Anti-Bribery and Corruption

The Contractor is strictly prohibited from offering, promising, giving, authorizing, or accepting bribes, directly or indirectly. Hospitality, entertainment, or gifts must be reasonable and not aimed at influencing business decisions. The Contractor must promptly report any suspected or confirmed incidents of bribery or corruption to the Company.

Prohibited Jurisdictions / Territories

Contractors from certain jurisdictions / territories, including Crimea/Sevastopol and other Ukrainian occupied territories, Russia, Belarus, Cuba, Iran, Sudan, North Korea, Myanmar, Syria, and other jurisdictions / territories under international sanctions imposed by the USA, EU, or UN, are prohibited from providing services to the Company.

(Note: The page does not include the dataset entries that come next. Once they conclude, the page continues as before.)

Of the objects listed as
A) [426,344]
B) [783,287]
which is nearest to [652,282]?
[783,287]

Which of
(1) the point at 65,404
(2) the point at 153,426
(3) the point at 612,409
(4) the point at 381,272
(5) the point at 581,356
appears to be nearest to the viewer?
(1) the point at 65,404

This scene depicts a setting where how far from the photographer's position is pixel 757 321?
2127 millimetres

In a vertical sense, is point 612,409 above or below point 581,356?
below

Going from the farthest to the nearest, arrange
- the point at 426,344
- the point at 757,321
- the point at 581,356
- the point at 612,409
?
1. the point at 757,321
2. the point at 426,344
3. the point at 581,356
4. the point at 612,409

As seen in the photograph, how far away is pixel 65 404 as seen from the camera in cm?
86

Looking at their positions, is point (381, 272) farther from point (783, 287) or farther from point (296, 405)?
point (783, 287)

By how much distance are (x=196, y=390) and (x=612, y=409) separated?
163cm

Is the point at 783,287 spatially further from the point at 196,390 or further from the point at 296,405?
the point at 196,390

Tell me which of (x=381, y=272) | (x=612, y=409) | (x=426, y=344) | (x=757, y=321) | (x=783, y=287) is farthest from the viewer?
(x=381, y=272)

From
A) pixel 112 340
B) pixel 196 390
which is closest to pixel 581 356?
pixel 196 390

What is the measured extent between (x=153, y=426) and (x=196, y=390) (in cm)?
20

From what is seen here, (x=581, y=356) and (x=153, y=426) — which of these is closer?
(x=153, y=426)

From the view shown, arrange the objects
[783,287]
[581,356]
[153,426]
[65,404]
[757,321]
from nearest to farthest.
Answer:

Anti-Money Laundering and Terrorist Financing (AML/CFT) Measures

The Contractor is committed to preventing money laundering and terrorist financing, including collecting and verifying essential information about counterparties, conducting background checks through government registries and sanctions lists, and refraining from relationships with entities involved in high-risk activities or offering forged documents.

Personal Data Processing

The Contractor grants explicit consent for the Company to process its personal data in accordance with applicable data protection laws and regulations. The Company processes the Contractor’s personal data for various purposes, including contractual performance, legal compliance, and legitimate interests. The Company may transfer the Contractor’s data to third-party processors and other countries for these purposes, ensuring compliance with applicable data protection laws and adequate data security measures. The Contractor retains various rights regarding personal data, including access, correction, deletion under certain circumstances, restriction or objection to processing based on legitimate grounds, data portability, withdrawal of consent, and the right to lodge a complaint.

Responsibility for Breach

The breaching party shall compensate the other party for damages and legal costs incurred due to the breach.

Termination and Survival

The Agreement is indefinite but may be terminated upon notice. Certain clauses (Confidentiality, Non-Compete & Non-Solicitation, IP) survive termination.

Contractor Compliance

The Contractor must obtain necessary permits, pay taxes, and comply with applicable laws.

Rights and Remedies

The remedies provided in the Agreement are supplementary to, not exclusive of, legal rights and remedies.

Severability

If any provision is deemed unenforceable, the remaining provisions shall remain valid. The Parties will endeavor to amend the unenforceable provision in good faith.

Assignment

The Company may assign its rights under the Agreement with prior written notification to the Contractor.

Governing Law and Dispute Resolution

This Agreement shall be governed by and construed in accordance with the laws of England and Wales, without regard to its conflict of laws provisions. Any disputes arising from this Agreement, including those concerning validity, interpretation, or enforcement, shall be resolved by the London Court of International Arbitration.